CfGC Heritage engagement

Over the past decade the cultural sector across the globe has witnessed a sharp decrease in block funding from the state. In a globalized neoliberal setting characterized by less state and the belief in entrepreneurship, a traditionally state sponsored sector has drastically been reformed.  Consequently, museums, art houses and theater companies are not only encouraged to apply for competitive grants and boost the sales of their ticket offices, increasingly they are also required to seek funding beyond traditional public institutions. Private gifts, sponsorship deals and indirect tourism taxes more and more finance the day-to-day operations of many cultural institutions.
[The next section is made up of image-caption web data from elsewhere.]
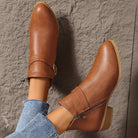 Three-quarter view of the brown Zara comfort ankle boot on a white background, highlighting its versatile style.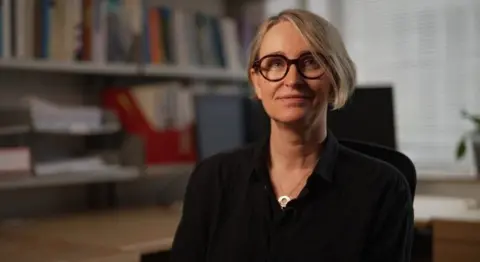 Smacking children could lead to lower GCSE grades, study suggests Lead researcher, associate Prof Anja Heilmann sitting down, wearing a black top with a silver necklace
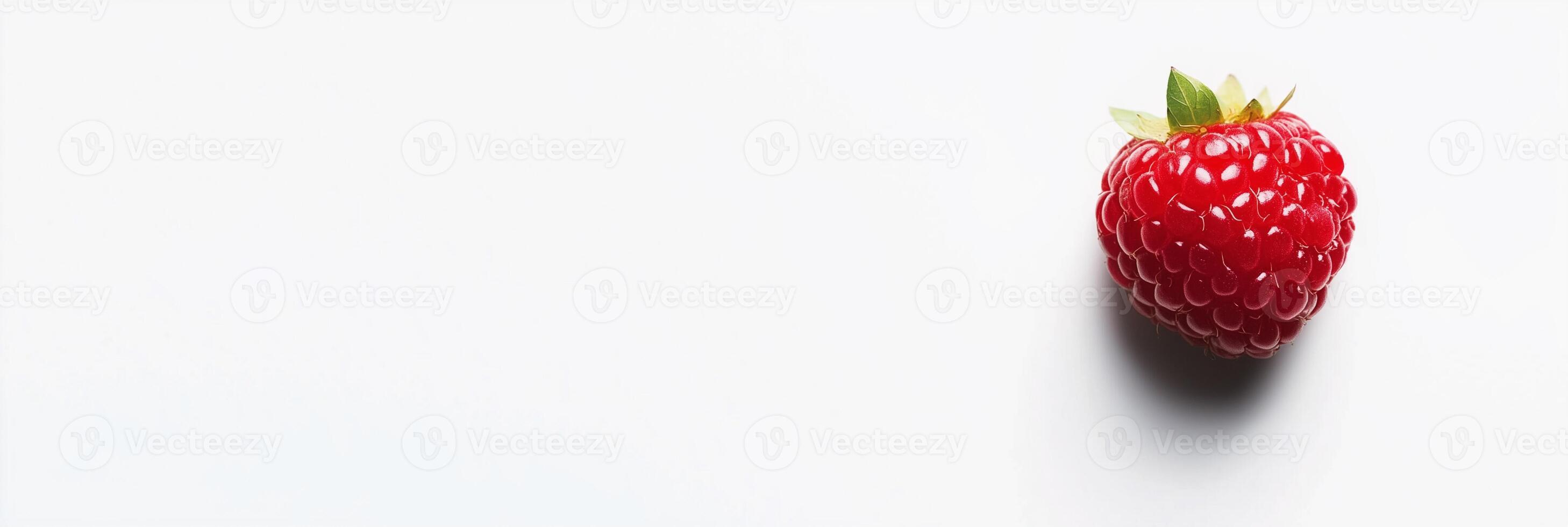 A raspberry is shown on a white surface photo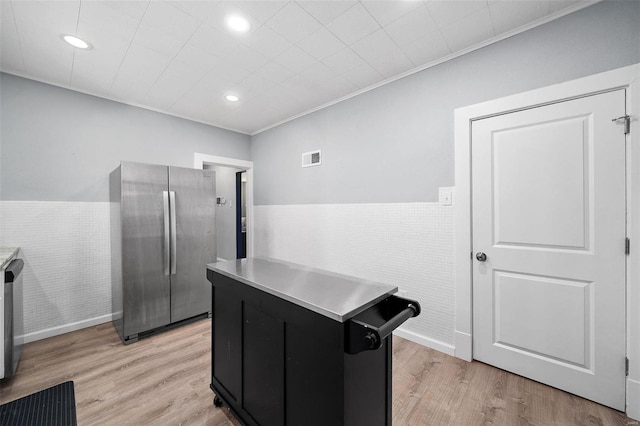 kitchen with light wood-type flooring, wainscoting, dark cabinets, and freestanding refrigerator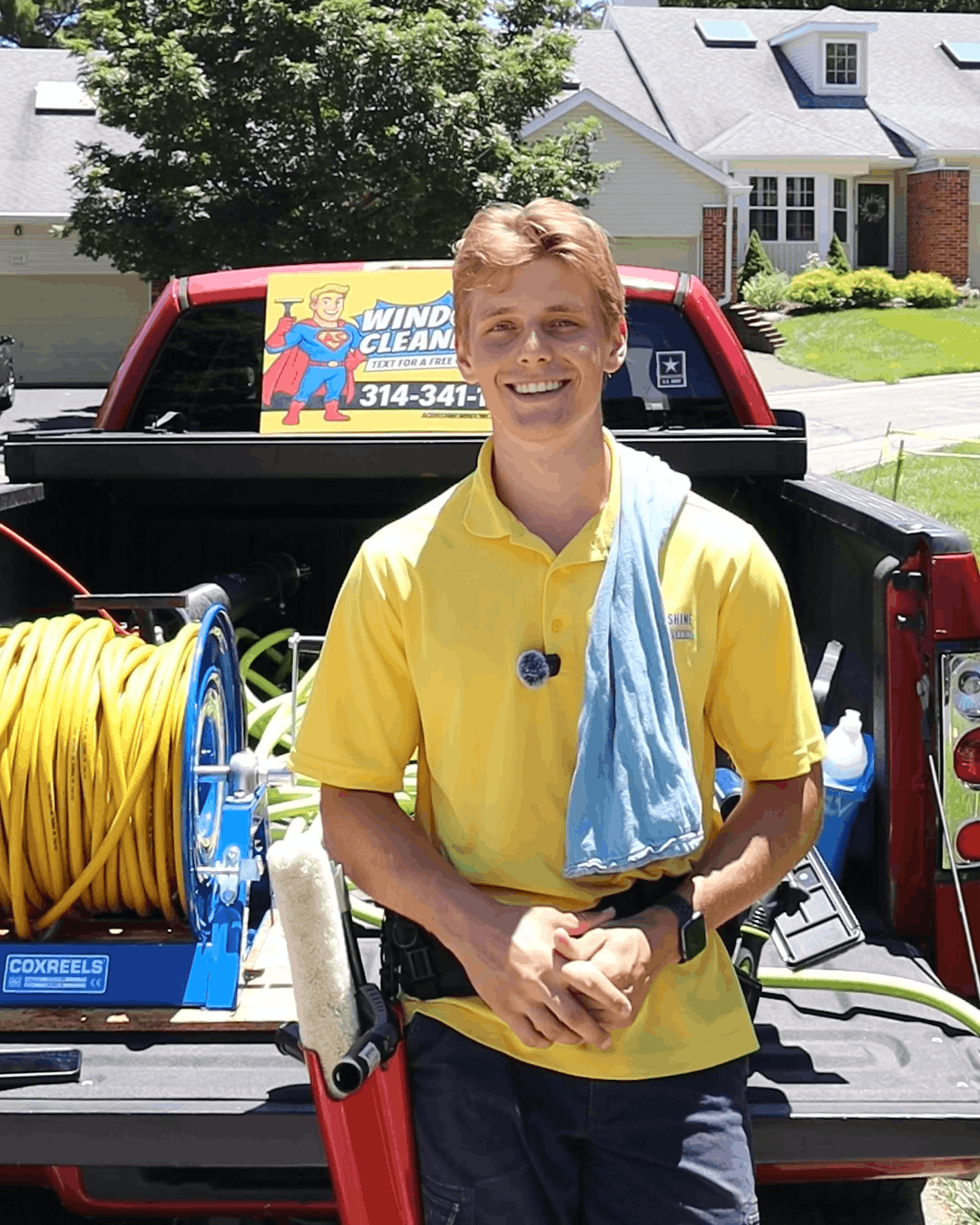 Professional window cleaner squeegeeing a window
This is not different in the heritage sector; restorations of public museums are increasingly financed by large corporations as part of their corporate social responsibility strategies, municipal departments in charge of heritage preservation are indirectly  financed through tourism income, and lately historically significant public buildings in need of restorations are bought by developers and become restricted to the public.

This project seeks to understand the new dynamics that flow out of this changing funding of the cultural heritage sector. Although we have attention to the wider neoliberalization of the cultural sector, we will specifically explore the practices of corporate gifting. This is highly poignant not only because private funding is increasingly becoming the backbone of the museum and heritage site, also because theories critically evaluating the heritage sector still largely focus on the nation state and identity politics.  We aim to understand the new power relations, how presentations of the culturally laden past are affected, but we also collaborate with heritage institutions and evaluate how the adopt new strategies and (can) ethically cope with the new types of sponsored history.

This project intrinsically takes a global approach, perspectives from the Netherlands will be brought into conversation with developments in Eurasia, Africa and the Americas. Methodologically the project bridges history, archaeology, anthropology and political sciences.